The PCR product was sent to the Macrogen Corporation (Seoul, South Korea) for sequencing in both forward and reverse directions to investigate the polymorphism of hspx gene. Sequencing results were analyzed with Chromas software. Then, all the sequences were compared with the hspx gene of H37Rv strain present in the NCBI gene bank, GeneID: 887579, by the compatible MUSCLE software.

Results

The hspX gene was present in all 50 (100%) isolates of Beijing and non-Beijing sub lineages with a 466 bp band length. The sequences didn’t show polymorphism by chromas software analysis. The sequences of hspX gene in Beijing and non-Beijing strains did not differ. The sequences of the hspX gene were compared to the standard sequence of H37Rv MTB and had 99% identities with this strain.

Discussion

There are several lineages of MTB in the world and one of the most important sub-lineage is Beijing. As reported by several studies different genotypes of MTB have different pathogenesis. The reason of this difference is not obvious. Among various known genes which is related to MTB virulence and intracellular stability on macrophage, hspX genes is one of the factors that is contributing to bacterial pathogenesis and its survival in the macrophage.

The alpha crystalline protein encoded by hspX gene of MTB is expressed during hypoxia, and low pH condition and stationary phase, similar to conditions present within areas of some granulomas [2], [3]. The aim of this study was the comparison of the presence and sequences of hspX gene in Beijing and the non-Beijing MTB that was isolated from north of Iran.

This study showed that the sequences of hspx gene was conserved in all isolates of MTB, so that in Beijing and non-Beijing isolates didn’t observed any difference. Therefore, this gene can be used as an appropriate target gene for the detection of MTB by methods like PCR. Although our results displayed that there was no difference in the sequence of the hspx gene in the different sub-lineage of MTB, the difference in expression of this gene was not determined.

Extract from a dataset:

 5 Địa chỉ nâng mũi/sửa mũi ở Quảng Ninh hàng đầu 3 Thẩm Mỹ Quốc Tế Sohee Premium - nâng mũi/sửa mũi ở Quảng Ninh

Consequently we suggest further studies to determine the association between expression of this gene and differences of the sub-lineages in terms of growth rate, pathogenesis, and survival in the stress conditions.

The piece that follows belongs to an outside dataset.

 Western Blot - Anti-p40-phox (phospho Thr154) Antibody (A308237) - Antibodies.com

Also in the recent years, a lot of efforts have been made to use alpha crystalline protein as a stimulant for the immune system and the produce a protein vaccine alone or in combination with BCG for the control of tuberculosis [3], [12]. It is also possible to use it to detect tuberculosis infections, especially latent tuberculosis, by detecting the anti-HspX IgM antibody or itself as an antigen [13].This suggests that the hspx gene encoding this protein should have a significant stability in the isolates of MTB.

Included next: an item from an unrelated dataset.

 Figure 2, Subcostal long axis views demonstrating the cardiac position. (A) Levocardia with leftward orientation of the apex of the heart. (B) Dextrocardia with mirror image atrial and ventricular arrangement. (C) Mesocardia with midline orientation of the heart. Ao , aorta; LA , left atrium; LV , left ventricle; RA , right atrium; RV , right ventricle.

For future studies, the determination of antigenicity of the Acr protein for the production of a vaccine against tuberculosis, study of polymorphism and mutation in the promoter regions of this gene and the level of gene expression are suggested.

Ethics approval statement

The studies approved by Ethics Committee of Golestan University of Medical Sciences (Ethics Code: IR.Goums.REC.1395.255). The patients/participants provided their written informed consent to participate in this study.

Declaration of Competing Interest

The authors declare that they have no known competing financial interests or personal relationships that could have appeared to influence the work reported in this paper.